著者 エイミー・ウィテカー(ニューヨーク大学助教授) 訳者 不二淑子 編集 電通 京都ビジネスアクセラレーションセンター ハーパーコリンズ・ジャパン 1700円

「問い」を起点として創造的価値を生み出す

 機能的価値より意味的価値の創出へ。低収益に苦しむ多くの日本企業に突き付けられた根本課題である。その意味的価値のキーワードとして必ず登場するのが「アート」だ。しかしこのアートという言葉、アート思考やデザイン思考など関連著書は多数あっても今一歩腹落ちしないと感じている人は多い。なぜアート的な思考をビジネスに盛り込む必要があるのか。MBA(経営学修士)とMFA(美術学修士)の両方を取得する著者は、アートの本質とアート思考に必要な要素を体系立てて提示することでアートの持つもやもや感を見事に払拭(ふっしょく)してくれる。

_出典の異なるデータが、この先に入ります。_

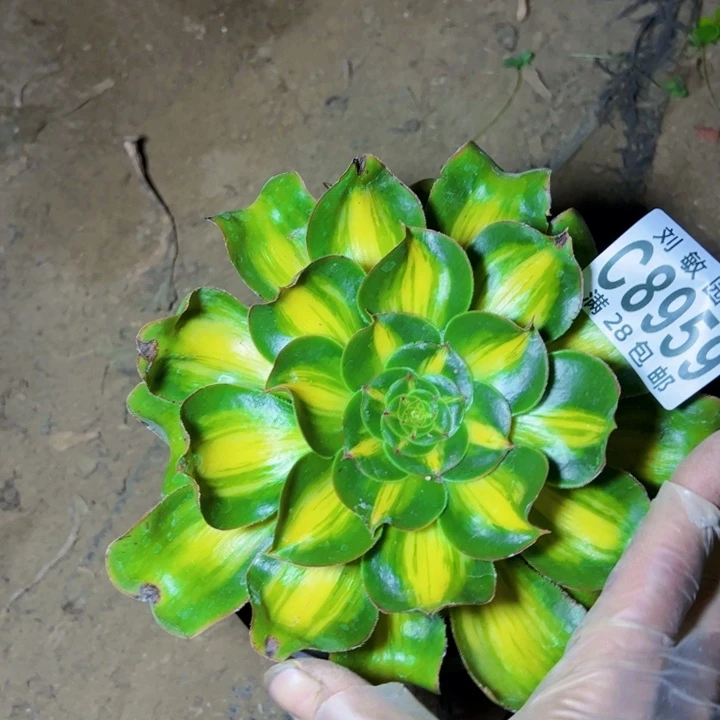 暴君多肉植物法师8959法师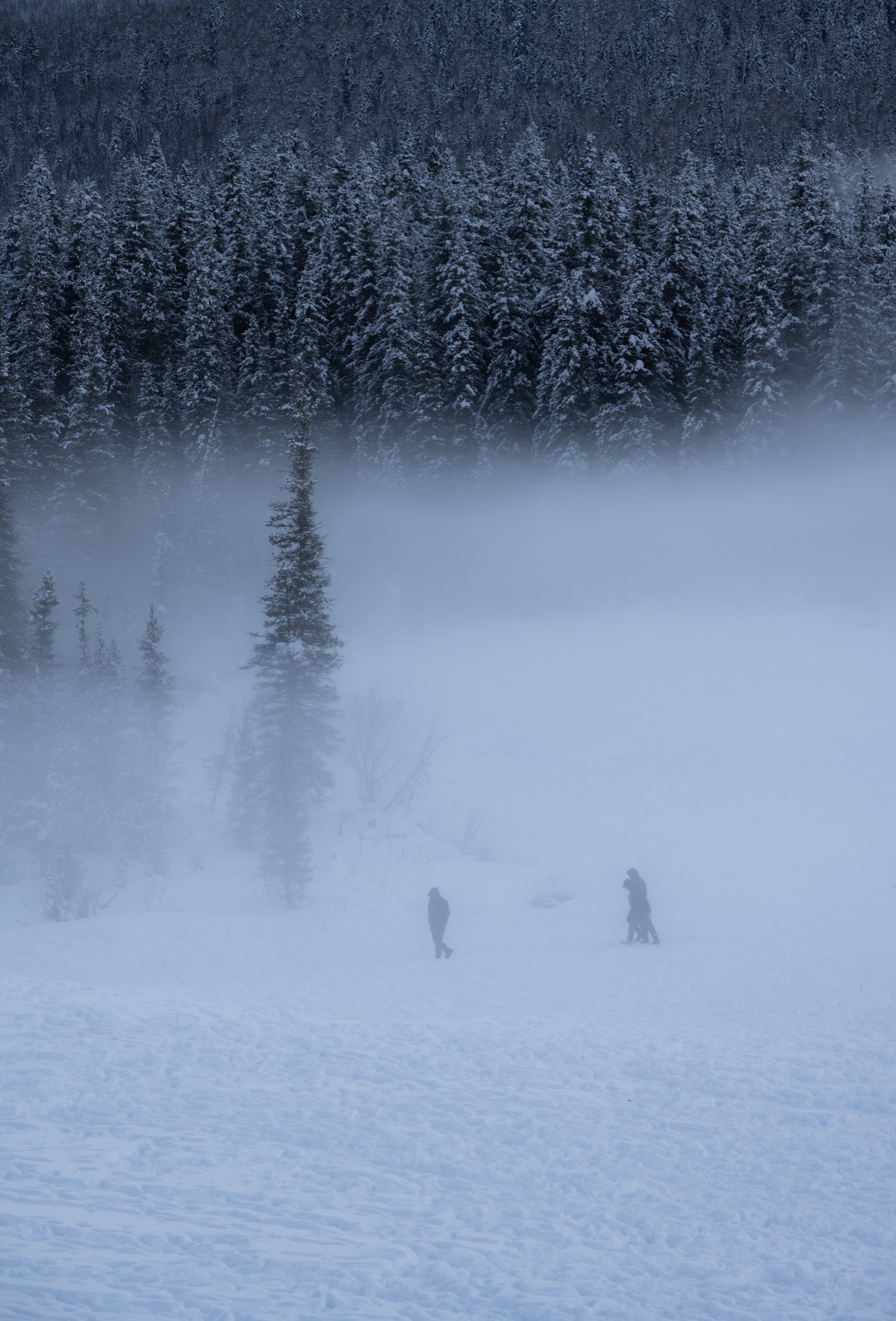 新疆阿勒泰 第 2 张照片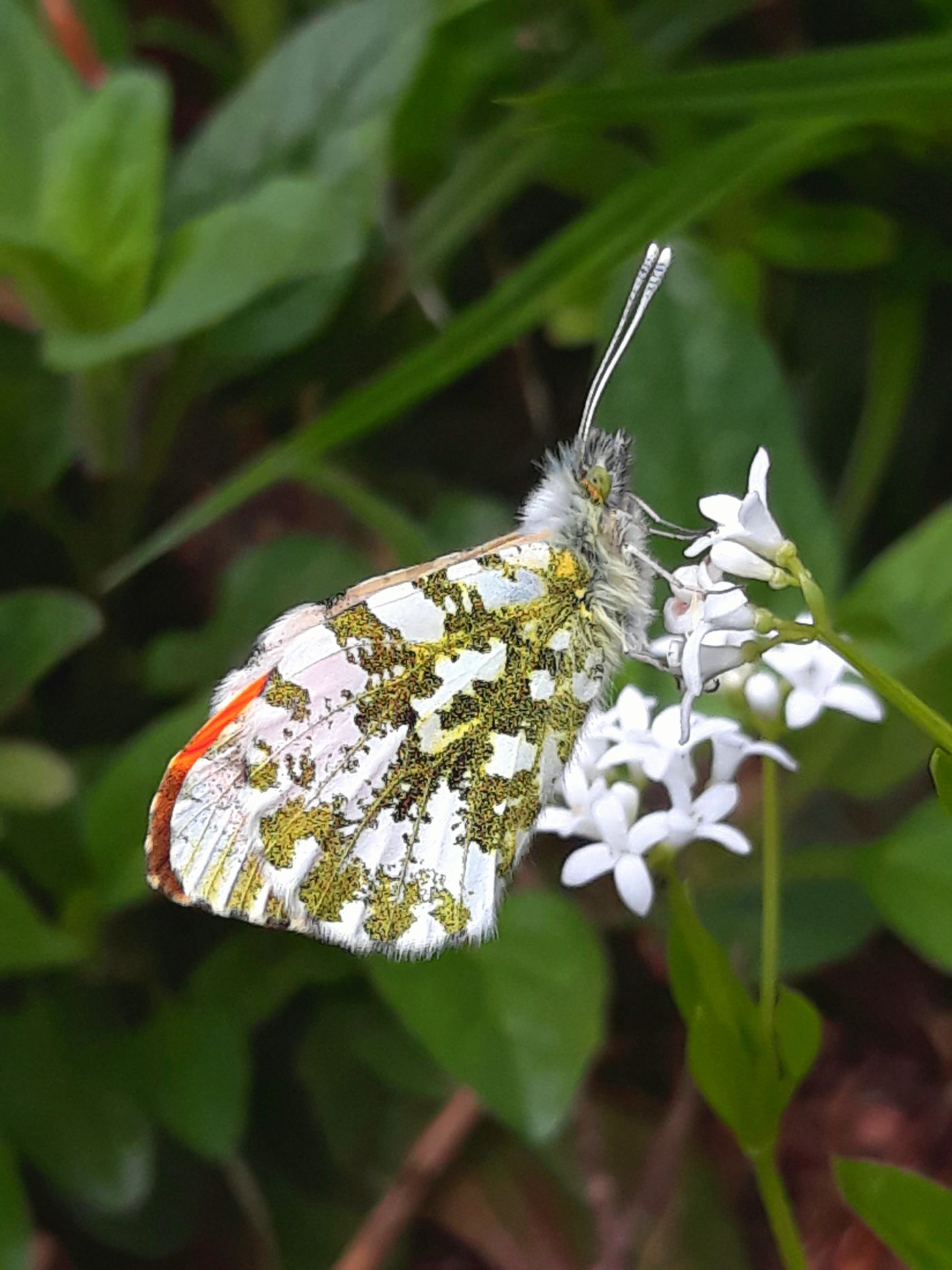 Schmetterling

 ビジネスで創造的価値を生み出すには、人生を一つの風景と見立て、その中に「スタジオタイム」という専用のスペースを確保する必要があると著者は言う。スペースの内側には、草むらの中を歩くような不安が伴う。地図もない草むらの中で未知のB地点に向かって力を与えてくれるのが「問い」だ。著者はこれを「灯台の問い」と呼び、外部ではなく個人の内部から発せられる「問い」を起点としたプロセスにこそアートシンキングの核心があると説く。

 著者はビジネスモデルの構築も創造的プロセスの一部と捉える。創造的プロジェクトという「手紙」を入れる「封筒」がビジネスモデルだ。草むらの中で灯台の問いを追求し続けるには、失敗と成功のリスクを管理し、ボートが転覆しないようバランスを保つことが重要となる。組織のマネジャーの役割は上から目線の導師ではなく、メンバーが安心して探求できる母親のような存在と主張する。

 こうしたフレームワークを読者の腹に落としてくれるのが、山口周氏のまえがきと日本人識者7人による事例紹介だ。識者の小笠原治氏は、ゼロから新しい何かを生み出す「0−1」ステージにはアートシンキング、「1−n」ないし「1−10」まで持っていくにはデザイン思考、さらに100までいくのがMBA的なマーケティングの仕事と解説する。草むらの中の灯台の問いは「0−1」ステージに、失敗と成功のリスク管理はマーケティングの仕事に対応し、著者と識者の解説が密接にリンクする。著者の作った曲を7人の識者が見事に演奏するようなイメージだ。本書はビジネス書であると同時に我々の生き方に関する指南書でもある。ライフとワークに垣根を設けず、自身の内部から発せられる問いに向かってまっすぐ生きる。そんな勇気ある一歩を踏み出したい人に贈りたい一冊だ。

(藤原裕之・センスクリエイト総合研究所代表)


 Amy Whitaker グッゲンハイム美術館、MoMA(ニューヨーク近代美術館)などアート施設の勤務を経て、美術館のアーティスト養成所や美術大学で経営学を教える。サラ・ベルドーネ作家賞受章。